Below code might work, but looks about 10-20% slower than fgets(). Maybe because this read the characters one by one (?)
// Read characters from file and exclude terminating newline
// Input argument 'size' must be integer larger than one
char *fgetsnn(char *s0, int size, FILE *fp) {
size--;
char c;
char *s=s0;
char *se=s0+size;
while (s<se) {
c=fgetc(fp);
switch (c) {
case EOF:
*s='\0';
if (ferror(fp)!=0) {
return(NULL);
};
if (s==s0) {
return(NULL);
} else {
return(s0);
};
case '\n':
*s='\0';
return(s0);
case '\0':
*s='\0';
return(NULL);
default:
*s=c;
s++;
};
};
*s='\0';
return(s0);
};
It looks like using the filebuffer in smaller pieces makes the reading slower.
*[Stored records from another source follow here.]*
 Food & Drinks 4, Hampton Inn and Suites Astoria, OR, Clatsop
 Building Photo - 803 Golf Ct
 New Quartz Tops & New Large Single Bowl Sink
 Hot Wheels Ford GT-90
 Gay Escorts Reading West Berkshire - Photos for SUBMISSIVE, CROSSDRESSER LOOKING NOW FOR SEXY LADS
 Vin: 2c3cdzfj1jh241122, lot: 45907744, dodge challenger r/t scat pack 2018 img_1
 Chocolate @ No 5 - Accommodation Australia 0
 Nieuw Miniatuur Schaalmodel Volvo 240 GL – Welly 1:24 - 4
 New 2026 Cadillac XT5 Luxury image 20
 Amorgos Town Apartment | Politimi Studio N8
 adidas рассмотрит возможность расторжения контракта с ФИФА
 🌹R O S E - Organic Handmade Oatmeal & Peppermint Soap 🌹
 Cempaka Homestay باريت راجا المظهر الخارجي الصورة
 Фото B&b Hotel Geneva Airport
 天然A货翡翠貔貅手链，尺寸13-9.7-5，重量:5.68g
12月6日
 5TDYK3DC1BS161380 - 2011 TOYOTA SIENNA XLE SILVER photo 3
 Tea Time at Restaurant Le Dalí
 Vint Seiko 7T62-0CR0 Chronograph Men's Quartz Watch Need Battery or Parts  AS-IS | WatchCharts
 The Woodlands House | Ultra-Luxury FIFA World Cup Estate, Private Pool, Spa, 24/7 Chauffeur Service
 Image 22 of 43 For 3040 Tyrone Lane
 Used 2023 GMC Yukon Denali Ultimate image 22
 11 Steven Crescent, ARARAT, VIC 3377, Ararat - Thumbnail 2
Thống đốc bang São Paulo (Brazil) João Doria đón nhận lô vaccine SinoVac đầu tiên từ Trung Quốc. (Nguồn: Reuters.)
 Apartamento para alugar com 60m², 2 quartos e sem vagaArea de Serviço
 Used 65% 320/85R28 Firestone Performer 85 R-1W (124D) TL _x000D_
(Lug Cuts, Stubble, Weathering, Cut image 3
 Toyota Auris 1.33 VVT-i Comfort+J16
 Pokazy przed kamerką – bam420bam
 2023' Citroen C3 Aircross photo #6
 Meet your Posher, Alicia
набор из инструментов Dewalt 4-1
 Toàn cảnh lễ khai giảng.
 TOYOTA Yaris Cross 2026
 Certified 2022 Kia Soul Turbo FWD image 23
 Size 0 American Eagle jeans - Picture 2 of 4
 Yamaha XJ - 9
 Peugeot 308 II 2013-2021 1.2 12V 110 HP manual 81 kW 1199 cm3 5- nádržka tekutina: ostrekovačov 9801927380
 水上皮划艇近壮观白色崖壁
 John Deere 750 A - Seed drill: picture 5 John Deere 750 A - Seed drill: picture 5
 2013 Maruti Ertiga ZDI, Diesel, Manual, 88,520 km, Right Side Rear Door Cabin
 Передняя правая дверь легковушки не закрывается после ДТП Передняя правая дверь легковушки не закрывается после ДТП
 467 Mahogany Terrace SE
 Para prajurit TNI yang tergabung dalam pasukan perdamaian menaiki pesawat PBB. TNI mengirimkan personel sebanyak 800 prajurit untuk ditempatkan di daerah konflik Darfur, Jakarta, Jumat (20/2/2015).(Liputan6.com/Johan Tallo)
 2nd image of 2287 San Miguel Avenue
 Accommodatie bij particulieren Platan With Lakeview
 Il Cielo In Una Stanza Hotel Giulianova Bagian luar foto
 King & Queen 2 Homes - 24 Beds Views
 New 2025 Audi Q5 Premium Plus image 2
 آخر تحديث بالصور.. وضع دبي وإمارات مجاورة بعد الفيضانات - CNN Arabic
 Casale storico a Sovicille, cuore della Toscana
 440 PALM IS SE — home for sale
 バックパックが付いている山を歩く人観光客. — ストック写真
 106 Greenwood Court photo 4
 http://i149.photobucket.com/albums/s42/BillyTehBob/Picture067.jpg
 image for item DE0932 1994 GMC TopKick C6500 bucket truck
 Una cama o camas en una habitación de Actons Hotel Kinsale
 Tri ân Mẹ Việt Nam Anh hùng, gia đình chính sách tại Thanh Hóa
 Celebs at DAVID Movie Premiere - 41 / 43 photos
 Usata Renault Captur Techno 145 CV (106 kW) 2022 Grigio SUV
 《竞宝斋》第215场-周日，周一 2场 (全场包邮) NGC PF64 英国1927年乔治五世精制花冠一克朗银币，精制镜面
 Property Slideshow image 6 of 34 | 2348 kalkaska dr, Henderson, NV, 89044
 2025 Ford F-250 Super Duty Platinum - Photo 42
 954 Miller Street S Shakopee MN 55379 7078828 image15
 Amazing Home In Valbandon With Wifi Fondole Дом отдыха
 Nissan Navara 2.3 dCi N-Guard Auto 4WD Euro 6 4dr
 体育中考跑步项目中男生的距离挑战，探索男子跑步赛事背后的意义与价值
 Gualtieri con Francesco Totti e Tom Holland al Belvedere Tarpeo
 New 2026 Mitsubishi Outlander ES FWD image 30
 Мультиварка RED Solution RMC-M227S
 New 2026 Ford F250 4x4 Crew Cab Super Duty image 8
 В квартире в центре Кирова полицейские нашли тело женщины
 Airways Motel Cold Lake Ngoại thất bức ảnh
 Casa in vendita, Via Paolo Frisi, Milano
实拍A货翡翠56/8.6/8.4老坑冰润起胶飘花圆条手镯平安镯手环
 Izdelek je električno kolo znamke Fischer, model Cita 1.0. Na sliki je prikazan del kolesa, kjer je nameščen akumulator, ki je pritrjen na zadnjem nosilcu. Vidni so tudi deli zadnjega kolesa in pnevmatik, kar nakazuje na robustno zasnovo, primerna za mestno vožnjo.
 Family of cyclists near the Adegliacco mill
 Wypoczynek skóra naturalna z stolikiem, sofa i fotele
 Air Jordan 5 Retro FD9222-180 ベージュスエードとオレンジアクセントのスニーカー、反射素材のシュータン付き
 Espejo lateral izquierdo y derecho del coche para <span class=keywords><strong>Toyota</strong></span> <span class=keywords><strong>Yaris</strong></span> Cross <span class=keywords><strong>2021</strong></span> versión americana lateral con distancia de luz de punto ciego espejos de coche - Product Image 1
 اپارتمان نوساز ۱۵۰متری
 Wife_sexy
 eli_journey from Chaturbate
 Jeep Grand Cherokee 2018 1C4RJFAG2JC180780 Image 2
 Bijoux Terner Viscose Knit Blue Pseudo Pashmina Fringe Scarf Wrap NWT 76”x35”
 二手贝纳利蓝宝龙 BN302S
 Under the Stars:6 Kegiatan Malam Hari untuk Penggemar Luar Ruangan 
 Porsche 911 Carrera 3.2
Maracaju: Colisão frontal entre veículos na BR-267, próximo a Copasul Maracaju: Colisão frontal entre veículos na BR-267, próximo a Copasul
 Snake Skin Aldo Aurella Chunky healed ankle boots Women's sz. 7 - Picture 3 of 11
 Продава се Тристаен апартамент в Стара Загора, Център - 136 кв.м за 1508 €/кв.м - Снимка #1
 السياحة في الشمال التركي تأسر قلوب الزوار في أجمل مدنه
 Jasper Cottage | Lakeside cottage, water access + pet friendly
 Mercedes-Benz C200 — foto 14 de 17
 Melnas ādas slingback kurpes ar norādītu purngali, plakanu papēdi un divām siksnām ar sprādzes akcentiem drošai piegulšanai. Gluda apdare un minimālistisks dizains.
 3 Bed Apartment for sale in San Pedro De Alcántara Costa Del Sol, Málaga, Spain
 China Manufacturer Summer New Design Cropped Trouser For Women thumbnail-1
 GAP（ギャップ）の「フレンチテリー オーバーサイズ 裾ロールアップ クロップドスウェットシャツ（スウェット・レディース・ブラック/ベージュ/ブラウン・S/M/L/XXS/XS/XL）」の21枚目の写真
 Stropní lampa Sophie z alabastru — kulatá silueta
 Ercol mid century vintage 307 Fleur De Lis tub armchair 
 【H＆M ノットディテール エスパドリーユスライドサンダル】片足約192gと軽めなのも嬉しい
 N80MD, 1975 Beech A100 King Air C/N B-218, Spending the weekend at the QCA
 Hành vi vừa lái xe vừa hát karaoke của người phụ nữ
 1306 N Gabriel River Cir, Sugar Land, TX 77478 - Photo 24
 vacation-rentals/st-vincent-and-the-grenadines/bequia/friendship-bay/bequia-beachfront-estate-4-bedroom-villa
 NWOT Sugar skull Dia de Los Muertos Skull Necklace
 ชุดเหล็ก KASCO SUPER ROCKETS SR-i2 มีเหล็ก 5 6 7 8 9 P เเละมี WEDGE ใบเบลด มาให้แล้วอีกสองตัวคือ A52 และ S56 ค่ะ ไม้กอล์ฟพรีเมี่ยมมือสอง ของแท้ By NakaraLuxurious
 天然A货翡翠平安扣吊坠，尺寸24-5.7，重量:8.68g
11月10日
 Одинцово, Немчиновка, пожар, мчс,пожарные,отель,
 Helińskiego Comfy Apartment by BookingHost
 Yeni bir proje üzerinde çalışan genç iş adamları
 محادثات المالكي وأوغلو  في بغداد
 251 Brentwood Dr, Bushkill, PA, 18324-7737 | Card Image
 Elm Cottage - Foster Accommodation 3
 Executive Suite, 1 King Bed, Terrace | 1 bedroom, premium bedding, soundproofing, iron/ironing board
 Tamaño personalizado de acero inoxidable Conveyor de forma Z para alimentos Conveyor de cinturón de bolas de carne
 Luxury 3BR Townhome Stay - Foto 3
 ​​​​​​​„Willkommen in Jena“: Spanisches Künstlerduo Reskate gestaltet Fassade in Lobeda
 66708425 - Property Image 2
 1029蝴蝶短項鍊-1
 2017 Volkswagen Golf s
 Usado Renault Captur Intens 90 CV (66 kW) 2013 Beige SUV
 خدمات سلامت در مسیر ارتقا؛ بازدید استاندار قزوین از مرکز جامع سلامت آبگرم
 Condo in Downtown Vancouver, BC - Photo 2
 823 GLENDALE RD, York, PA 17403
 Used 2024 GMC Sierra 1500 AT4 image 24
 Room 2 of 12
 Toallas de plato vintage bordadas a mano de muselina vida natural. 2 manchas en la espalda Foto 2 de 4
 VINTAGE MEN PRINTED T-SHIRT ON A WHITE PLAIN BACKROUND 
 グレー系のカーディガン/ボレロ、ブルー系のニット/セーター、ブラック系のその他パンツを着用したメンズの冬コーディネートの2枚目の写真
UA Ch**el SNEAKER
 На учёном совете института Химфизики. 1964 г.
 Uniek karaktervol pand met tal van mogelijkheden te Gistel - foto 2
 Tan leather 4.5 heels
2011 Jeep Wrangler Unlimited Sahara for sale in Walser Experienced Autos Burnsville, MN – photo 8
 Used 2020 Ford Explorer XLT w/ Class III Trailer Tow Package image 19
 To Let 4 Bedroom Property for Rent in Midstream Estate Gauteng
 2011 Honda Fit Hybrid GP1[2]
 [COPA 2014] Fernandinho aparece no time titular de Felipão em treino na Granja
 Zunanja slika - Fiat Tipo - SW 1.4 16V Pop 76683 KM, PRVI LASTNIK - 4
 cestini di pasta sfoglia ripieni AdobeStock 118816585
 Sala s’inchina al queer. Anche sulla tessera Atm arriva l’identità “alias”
I guess then it would be fastest to read the whole file at once and try to split it in the memory instead (I tried, but it didn't seem help at all). The 'drawback' here is that the most likely condition - the 'default' is last in the switch (and can be only last) and thus all the different condition before default will keep slowing down the speed. Then most likely reason for speed limit is hardware (harddisc) speed.
Below case the most likely character case with normal letters is arranged 1st using if-then rather than case:
// Read characters from file and exclude terminating newline
// Input argument 'size' must be integer larger than one
char *fgetsnn(char *s0, int size, FILE *fp) {
size--;
char c;
char *s=s0;
char *se=s0+size;
while (s<se) {
c=fgetc(fp);
if (c>'\n') {
*s=c;
s++;
} else {
switch (c) {
case '\n':
*s='\0';
return(s0);
case EOF:
*s='\0';
if (ferror(fp)!=0) {
return(NULL);
};
if (s==s0) {
return(NULL);
} else {
return(s0);
};
case '\0':
*s='\0';
return(NULL);
default:
*s=c;
s++;
};
};
};
*s='\0';
return(s0);
};
If the newline ascii code would be '1' it could pass fast all the case (also that are between '1' and '\n')... And maybe ascii code for ' ' (space) should be '2' and for '\t' maybe '3' to make the string separating into tokens faster also...